Prompt. From the line that holds "4-Pack Fake Hanging" to the last line below, retype everything exactly and nothing else; omit pictures.

Collected data.

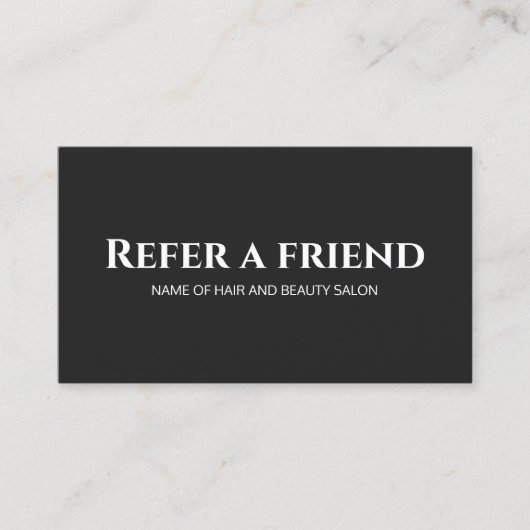 Simple Elegant Black and White Reference Kaart (Voorkant)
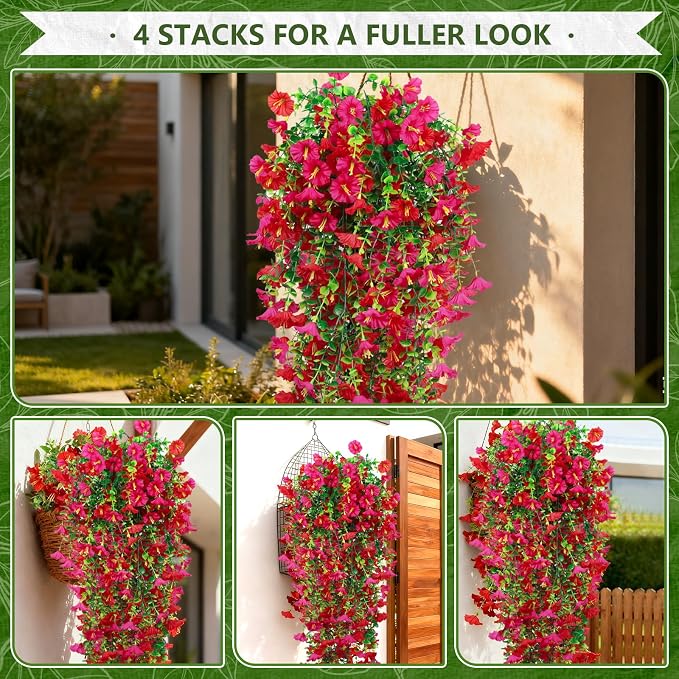4-Pack Fake Hanging Plants, Faux Hanging Plant Artificial Greenery - Image 5
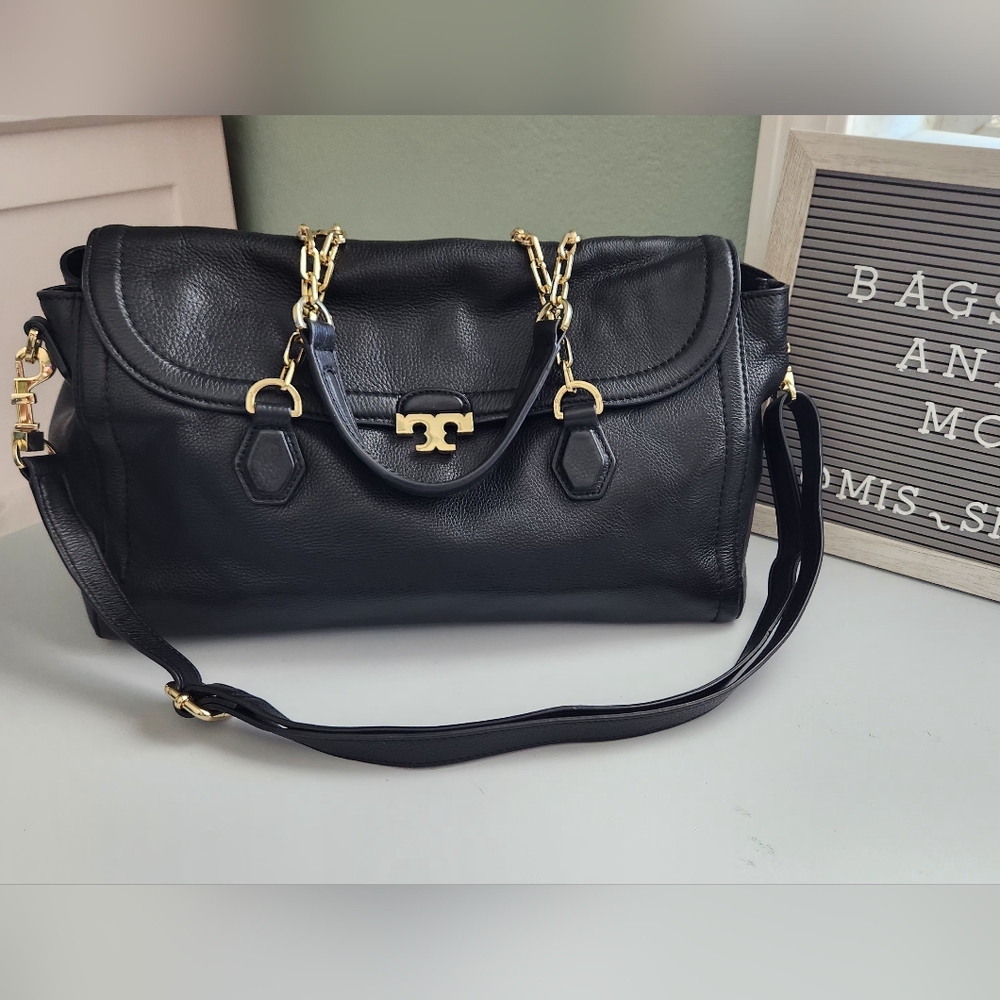 Tory Burch Boston Multi-way Chain Leather Tote Handbag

Written answer.
4-Pack Fake Hanging Plants, Faux Hanging Plant Artificial Greenery - Image 5
 Tory Burch Boston Multi-way Chain Leather Tote Handbag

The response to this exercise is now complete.